【アメリカ AtoZ】と題して、A~Zまでの頭文字で一つずつ、アメリカのモノ、ブランド、人物などをご紹介しています。「アメリカ」「アメカジ」好き親父の嗜好の強い内容となっておりますが、今回は、G、H、I、について書いて行きたいと思います。
目次
・AtoZ 「G」 G.H.Bass
・AtoZ 「H」 Harvard University
・AtoZ 「 I 」Indian Morter
まとめ
「G」 G.H.Bass
『G.H.Bass』と言ってピンとくる方はあまり居ないのではないかと思うが、しかし『Bass』と聞いたら分かる方は結構いるはず。
そう世の中にこのブランドが無ければ、アメリカファッションの図式が変わっていた事であろう、と私は思う。
メイン州は、靴製造の歴史の地である。メイン州だけではなくマサチュセッツ州やニューハンプシャー州も靴製造の歴史的地である。
ジョージ・ヘンリー・バスのヒストリーは、アメリカの歴史の一部と言っても過言ではないであろう。
G.H.BASSは1876年にアメリカのメイン州ウィルトンで、ジョージ・ヘンリー・バスによって設立された。
それまで靴屋で働いていたジョージは、労働者が履く靴やアウトドアシューズの出来に疑問を持ち、自ら靴を作ることを決めたのだった。
メイン州ウィルトン出身の革タンナー(なめし職人)だったジョージ・ヘンリー・バスは、労働者とアウトドアマンに長持ちする靴を作ってあげたくて、いつもその事ばかり考えていた。
「可能な限り最高の品質の靴を作ること」それがいつしか彼の使命となっていったのだった。
1887年には彼の靴は世に広まっていた。そこでもっと生産効率を上げる為に、工場をファーミントンに移し水力機械を導入した。
20世紀初頭には、実用的で耐久性のあるさまざまなアウトドアシューズを開発した。
スキーブーツからゴルフシューズまで、スポーツおよびアウトドアシューズの権威としての地位を確立していくのだった。
最初のモカシンブーツは、もともと森で働く人のために設計されたが、第一次世界大戦の勃発で軍は寒冷地においての、パイロットブーツを探していた。
そこでBASSのモカシンブーツは寒冷地に適しているため、陸軍パイロットの公式航空ブーツになるのだ。
戦争が技術を革新して世界を変えていくとは正にこの事であろう。元々はワークブーツやアウトドアー用のブーツメーカーだったのだ。だからこそ究極に耐えられるブーツの提供ができたのだ。
しかしながら皆さんが知っている「Bass」は、下の画像のようなローファーであろう。日本ではコインローファーとかペニーローファーとか呼ばれていた。

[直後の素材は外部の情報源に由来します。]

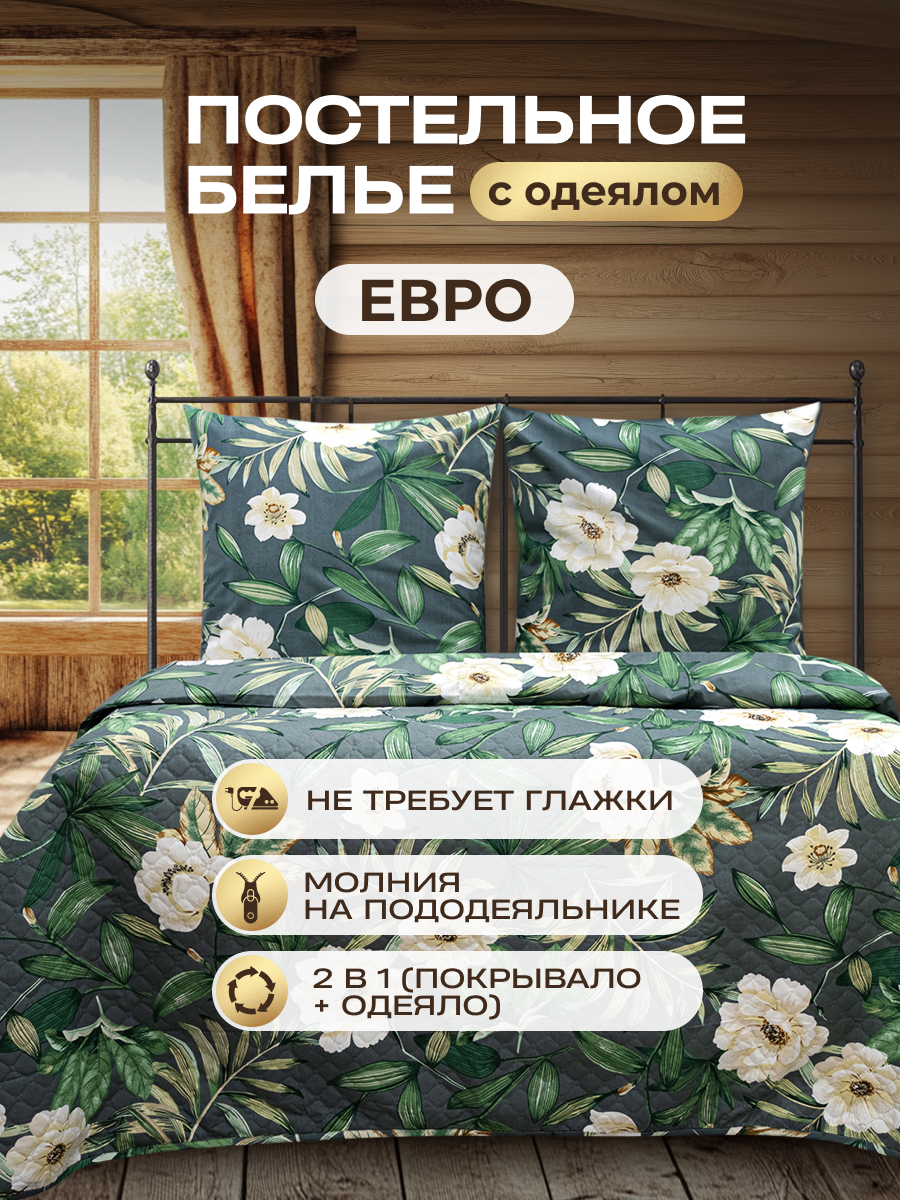 Комплект постельного белья Спал Спалыч универсальный с покрывалом евро рис.5958-1 - фото 5
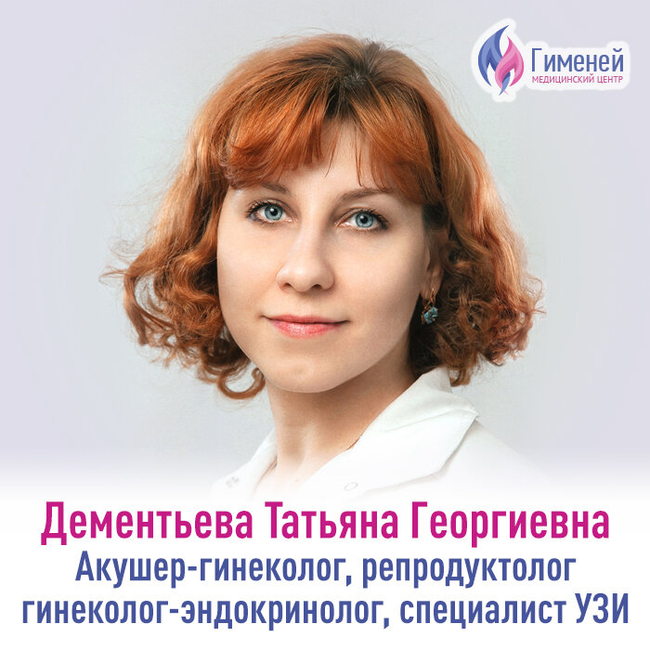 Гименей ул университетская набережная 62 фото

私も若い頃は、甲の部分にアメリカのコインを挟めて履いていたものである。
本来は怠け者のことをローファーというが、靴のローファーの名称はネルトンが最初に付けたものであるという説が最有力である。
そしてローファーの元となるデザインは、ノルウェーの漁民達が作っていたノルウィージャン・フィッシャーマンズ・モカシンから来ていると言われている。

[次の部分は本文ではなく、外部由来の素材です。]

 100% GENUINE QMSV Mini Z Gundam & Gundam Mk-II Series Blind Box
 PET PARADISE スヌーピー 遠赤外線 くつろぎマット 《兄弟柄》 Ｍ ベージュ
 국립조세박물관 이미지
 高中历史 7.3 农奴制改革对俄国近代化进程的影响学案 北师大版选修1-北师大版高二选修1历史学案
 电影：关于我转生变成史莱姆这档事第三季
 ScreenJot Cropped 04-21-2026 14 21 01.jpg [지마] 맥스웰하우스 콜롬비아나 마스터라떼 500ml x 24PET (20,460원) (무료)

それで「BASS」は、「ノルウィージャン」から「ウィージュン」と名づけたのだろう。なぜ「ウィージャン」そのものにしなかったのかと言うと、当時インディアンは差別用語で「ウィージャン」と呼ばれていたので、「ウィージュン」にしたのではないかと言う説がもっともらしい。

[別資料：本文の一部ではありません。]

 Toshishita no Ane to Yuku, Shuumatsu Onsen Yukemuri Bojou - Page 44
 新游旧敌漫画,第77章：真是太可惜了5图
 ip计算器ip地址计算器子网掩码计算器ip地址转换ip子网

デザインの起源は【ノルウェー】で、名称の起源は【アメリカ】という面白い靴である。
アイビーリーグの学生たちに愛されたことはあまりにも有名であるが、もっとも有名にしてくれた方はこの方である。はたしてそれがBassの物かどうかまではわからないが実際にローファーを履いている写真がある。
1930年代に「G.H.Bass&Co」は、時代を超えたシグネチャースタイルである「Bass Weejun」を誕生させた。
ブランドの人気が高まるにつれ、「G.H. Bass&Co」の靴は、飛行家のチャールズ・リンドバーグ、南北両極への飛行を成功させたリチャード・バード提督、米国第35代大統領のジョン・F・ケネディ、元女優でモナコ公国の公妃になったグレースケリー、皆さんお馴染みのオードリー・ヘプバーンやマイケル・ジャクソンなどが愛用することにより、その都度、大ヒットをもたらしたのだった。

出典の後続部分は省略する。